Matthew Hopkins


In 1644, Matthew Hopkins began his successful career as the self-styled Witch-Finder General by questioning old one-legged Elizabeth Clarke of Manningtree. By the time he had finished with her, thirty-one others had been accomplices to witchcraft.

English witches were not burned at the stake or tortured in the popular continental manner. Death at the stake was a fate reserved for traitors and heretics, and under the Witchcraft Act of 1563, death by hanging was reserved for those found guilty of murder by sorcery. Despite these setbacks, Hopkins managed to have between 200 and 400 people executed. In Suffolk alone, Hopkins had 68 people executed.

Hopkins' primary means of inducing confessions included tortures which shed no blood. His primary "torture" was sleep deprivation. In one instance, John Lowe, 70-year-old vicar of Brandeston, was "swum in the moat," kept awake for three days and nights, and then forced to walk without rest until his feet were blistered. Denied benefit of clergy, Lowe recited his own burial service on the way to the gallows.

Being the witch-finder general was financially lucrative. In a time when daily wages were as little as 2.5 pence, Hopkins was raking in £15 to £23 per town cleansed of witches. Hopkins dressed fashionably in Puritan tunic and cloak, and was able to employ two assistants to help him with his work in East Anglia.

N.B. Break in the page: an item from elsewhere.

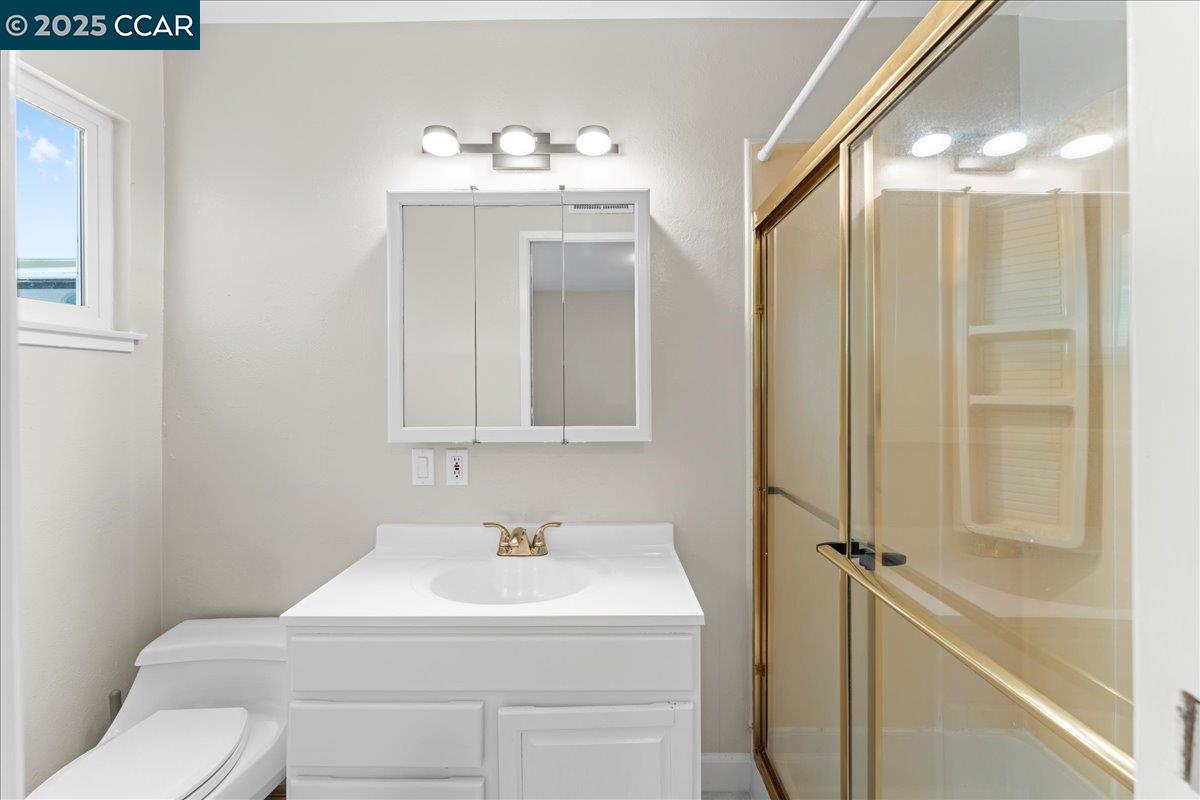 Detail Gallery Image 12 of 26 For 3406 Clearfield Ave, Richmond,  CA 94803 - 3 Beds | 2 Baths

Hopkins' specialization seems to have been extracting confessions of witchcraft from elderly women with pets.

Faith Mills, of Fressingham, Suffolk, admitted that her three pet birds, Tom, Robert, and John, were in reality familiars who had wrought havoc by magically aking a cow jump over a sty and breaking a cart. She was hanged.

Not above using trickery to prove guilt, Hopkins employed such witch-finding tools as the spring-loaded knife. Since witch spots did not bleed when pricked, Hopkins would stab at such marks with a retractable blade. The victim would be left without a mark--clear proof of sorcery.

Eventually, opposition to Hopkins' bloody persecutions grew. In 1646, Puritan minister Reverend John Gaule of Great Staughton, wrote a pamphlet called Select Cases of Conscience towards Witches and Witchcraft, an exposé of Hopkins' methods. Gaule also preached against Hopkins' brutality from the pulpit, and hinted that Hopkins himself was a witch.

In retaliation, Hopkins published his own pamphlet entitled The Discovery of Witchcraft. Nonetheless, the tide had begun to turn against him. Two accounts exist of Hopkins' demise: one, that he was himself accused of witchcraft and hanged, and two, that he died in his bed of tuberculosis.